The Disney family picture Pete’s Dragon lumbers right up to the border of cloying, but doesn’t tip over. After a fast, cruel opening — car trip, beatific mom beaming at adorable 5-year-old, hideous crash — the little boy, Pete, wanders into a deep forest and is saved from wolves by a furred, cuddly dragon. Six years later, Pete (Oakes Fegley, a forest-dweller’s name if ever I’ve heard one), is a regular little Tarzan, scampering over vines and spending nights in a cave curled up beside his friend, whom he names Elliot, after a character in a picture book he clutched when he slipped from his parents’ devastated car. All would be idyllic — or as idyllic as it could be, minus a human mom and dad — but for a construction crew led by Karl Urban, as one of those macho anti-environmentalists who want to chew up the wilderness and shoot anything left over. Fortunately, Urban’s soon-to-be sister-in-law, Grace (Bryce Dallas Howard), is a kind, dreamy-eyed, maternal forest ranger with a face nearly as angelic as Pete’s dead mother’s. And she has a kind, clever stepdaughter (Oona Laurence) who’d make a hell of a sister. And she has a kind, clever father (Robert Redford) who once, while hunting, came face-to-face with the alleged Millhaven dragon, and now has a mystical regard for the wilderness and its denizens. Maybe kindness will triumph over rapacious industry and the sort of people who don’t believe in friendly dragons. The shimmery score hints broadly that it will.
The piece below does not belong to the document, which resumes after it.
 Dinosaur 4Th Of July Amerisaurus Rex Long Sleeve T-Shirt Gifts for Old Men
Several people have asked me how this Pete’s Dragon compares to Disney’s 1977 Pete’s Dragon, which was a full-blown musical with songs by Al Kasha and Joel Hirschhorn. I don’t want to bruise any happy childhood memories you might have of it, but the truth is, that movie was … how can I put this gently? Let me try: God-fucking-awful. Poor Helen Reddy. Poor Shelley Winters. Even if Mickey Rooney and Red Buttons needed the work, poor Mickey Rooney and Red Buttons. I bet even the cartoon dragon is embarrassed, looking back. This new movie throws out almost everything except the idea of an orphaned boy who gets adopted by a dragon and some bad guys who want to capture it and make big money. The only songs are some folkie numbers on the soundtrack that are in good taste, although it made me sad to hear Leonard Cohen singing “So Long, Marianne” only a few days after his Marianne left this world. Bad timing.
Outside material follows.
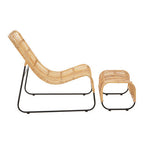 Rattan Chair and Footstool Set
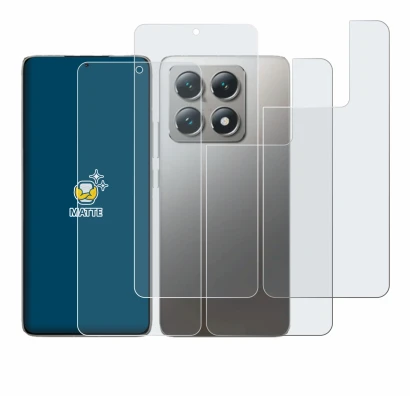 Imagen del dispositivo Xiaomi 14T (Frontal+Trasero) con una amplia variedad de protectores de pantalla.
Pete’s Dragon was directed and co-written by David Lowery, who made the critically adored, outlaw art movie Ain’t Them Bodies Saints — which this critic thought was as torturous as its title. The first part of Pete’s Dragon has an odd clunkiness, as if Lowery wants to deliver a magically fluid Disney picture, but, like someone learning to waltz, keeps stutter-stepping. He’s helped by Daniel Hart’s score, the aural equivalent of a big, wet doggy tongue sliding over your face — the perfect correlative for Elliot, the computer-generated dragon, who has an awesome wingspan when he flies but is otherwise closer to a stuffed doggy. I imagine you can already find his likeness at Toys ‘R’ Us. (Just did a quick check — yep, he’s there. But no links! I’m enough of a shill already!)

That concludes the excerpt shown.